Prince William County, Virginia…. On May 3, 2010, Moody’s announced that it upgraded approximately $1 billion in Prince William County General Obligation (GO) tax and lease backed debt to AAA status. Prince William County was upgraded from Aa1 to AAA on all of its outstanding GO debt and Moody’s expects to continue to award this rating on future GO bond issuances. Fitch announced that it removed the “Negative Watch” from its AAA rating it awarded to the County in 2004. This recent announcement places Prince William County in the highest category of ratings with two AAA status ratings. Only seven other municipalities in Virginia have been awarded AAA bond ratings from both agencies.

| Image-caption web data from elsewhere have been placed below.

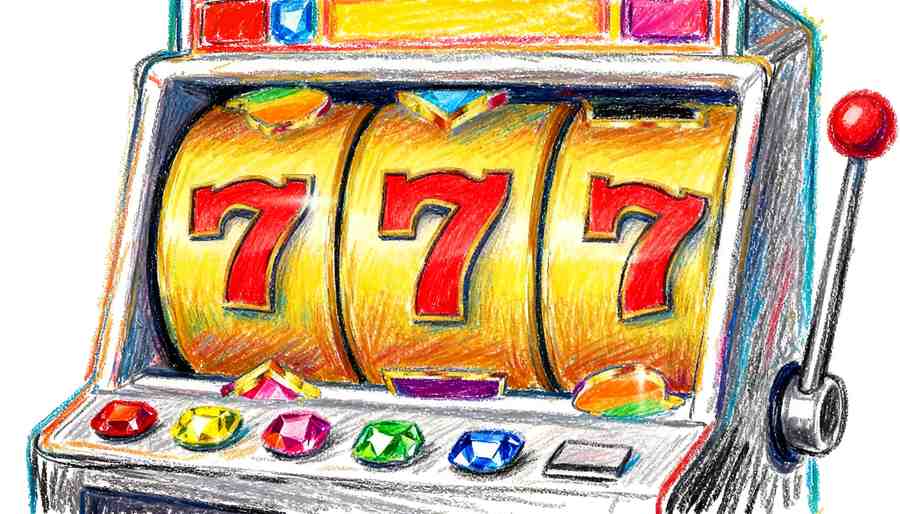 Checklist for Successful Gaming at Golden Crown Casino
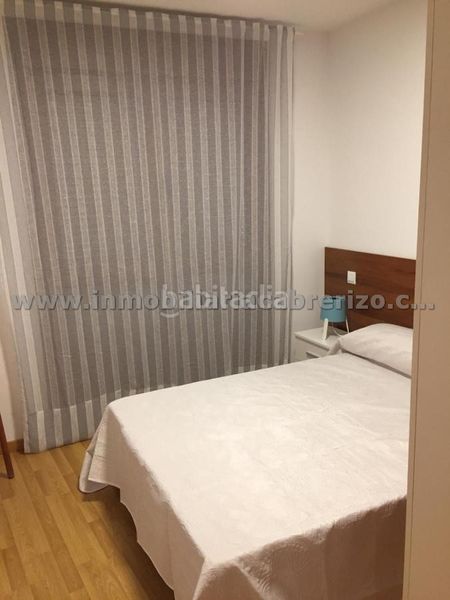 Foto 02b952f7-6b0c-4453-b52a-2836d2bd6ed4. Piso en Clavijo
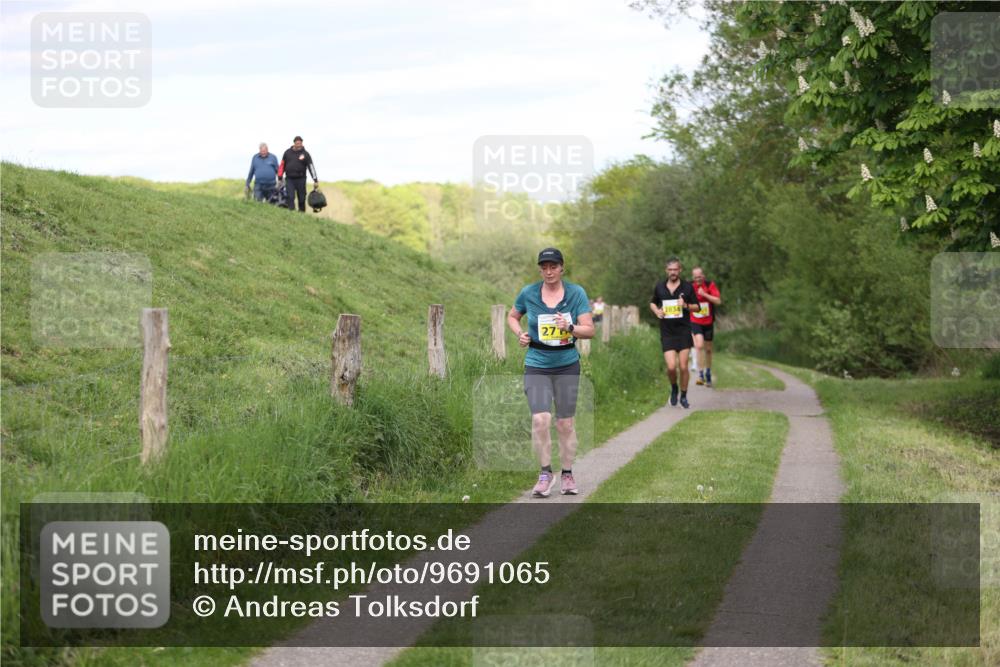 09.05.2026 - Störlauf Andreas Tolksdorf http://msf.ph/oto/9691065 09.05.2026 16:38:29 Laufen 27, 2834 meine-sportfotos.de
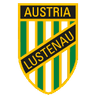 Austria Lustenau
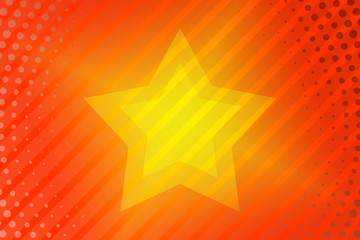 abstract, orange, illustration, yellow, wallpaper, design, pattern, light, graphic, backgrounds, color, art, texture, backdrop, wave, bright, technology, green, blur, red, digital, halftone, decor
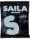 SAILA LIQUIRIZIA CONFETTO TENERO GR 100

This extremely high credit rating is the direct result of the Board of County Supervisors strong financial management policies and practices and the strong stewardship of taxpayer resources demonstrated by the Board and staff. Over several decades, the Board has maintained stringent control of the County’s annual and five year budgets and the Capital Improvement Program resulting in balanced five-year Budgets and six-year Capital Improvement Programs, strong revenue forecasting, growing reserves and services that are affordable for County residents. The Board’s focus on achieving its strategic goals, focusing on the highest risk services and its long-term, financially sound commitment to improving the quality of life has helped to achieve this bond rating.
“This validates the efforts of this Board of County Supervisors and the management staff we have put in place to run County Government,” said Corey Stewart, Prince William Board of County Supervisors Chairman. “In these challenging economic times, we have lowered our crime rates; we have provided our citizens with the services that are needed and expected with less money; we have added monies to our reserves; we have lowered the average tax bills from where they were in 2007; and we now have been rewarded with a bond rating that most jurisdictions long for, but never attain.”
The Board’s strong emphasis on improving the County’s economy through policy and financial decisions has effectively generated and attracted new businesses to the County. Consequently the County benefits from a steadily growing and diversifying local economy. The County’s improving credit rating is also a reflection of its strong financial management program that has substantially boosted reserves even in an environment of increasing service demands and a moderate debt burden with manageable future capital needs. The County is evolving rapidly with strong residential wealth, increased income measures, stable property values, and quality new commercial development even in this weakened economic cycle.
“If this new rating had been in place when the County’s existing debt was issued, the overall debt service costs would have been approximately $44 million less than they are now,” said Melissa S. Peacor, County Executive. “The leadership of our Board of County Supervisors to stand by our sound financial leadership policies in good times and bad has placed our community in good stead for the future.”